Amy Nelson loves playing the cornet and has performed cornet solos in a variety of venues including the Grant Park Music Festival (Chicago), Great American Brass Band Festival (Kentucky), Grand Celebration of Brass Bands (Iowa), World Music Conference (Holland), Illinois Music Educator Association Conference and the International Women's Brass Conference. She was awarded first place in both the slow melody and technical solo divisions of the North American Brass Band Association's national solo competition four different years, placing in the top three nine times over nine years. She placed first in the International Women's Brass Conference category three trumpet solo competition. Amy is a performing artist for Richard Smith Musical Instruments and plays a Smith Watkins soloist cornet.

Amy served as principal cornet and personnel manager of the Chicago Brass Band, winners of the 2004 NABBA Championship division and the NABBA representatives at the 2005 World Brass Band Competition in the Netherlands. Prior to joining the CBB she was a member of the Illinois Brass Band, six-time NABBA champions, where she served as cornet section leader and personnel manager and was a frequent soloist. She toured England with the IBB and toured America with the Regent Brass Band of London, England. These days Amy can be found in New Jersey performing with the Imperial, Princeton, and Atlantic Brass Bands. She is the principal cornet of the Athena Brass Band.

Amy is currently freelancing in the New York City/Tri-State area. She is a member of the Gramercy Brass Orchestra of New York.
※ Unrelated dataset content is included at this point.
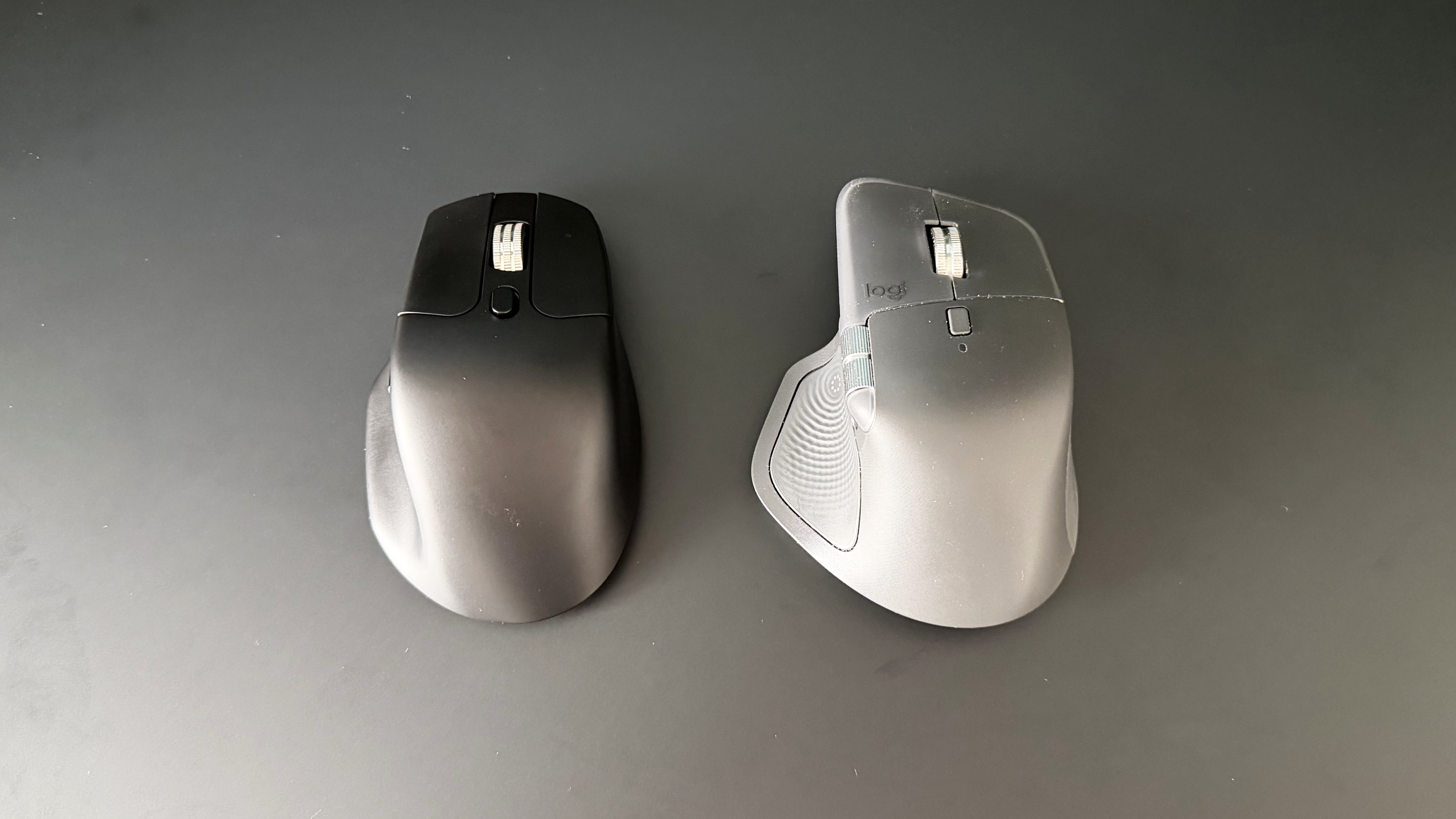 The Keychron M6 8K on the left and the Logitech MX Master 4 on the right.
She has performed with such Broadway shows as Mary Poppins and Chitty Chitty Bang Bang and the national tour of Evita. Orchestral performances have included work with the Queens Symphony, the American Symphony and the New Brunswick Chamber Orchestra. She recently completed a recording project with composer Joseph Dymit of original trumpet works entitled Battlecry (www.piquedamemusic.com). She believes in the importance of music education and works with a program in Brooklyn which provides instrumental instruction for students without access to music in schools. Amy knows the location of most of the Godiva stores in NYC and tends to worship at the feet of those who bring her chocolate.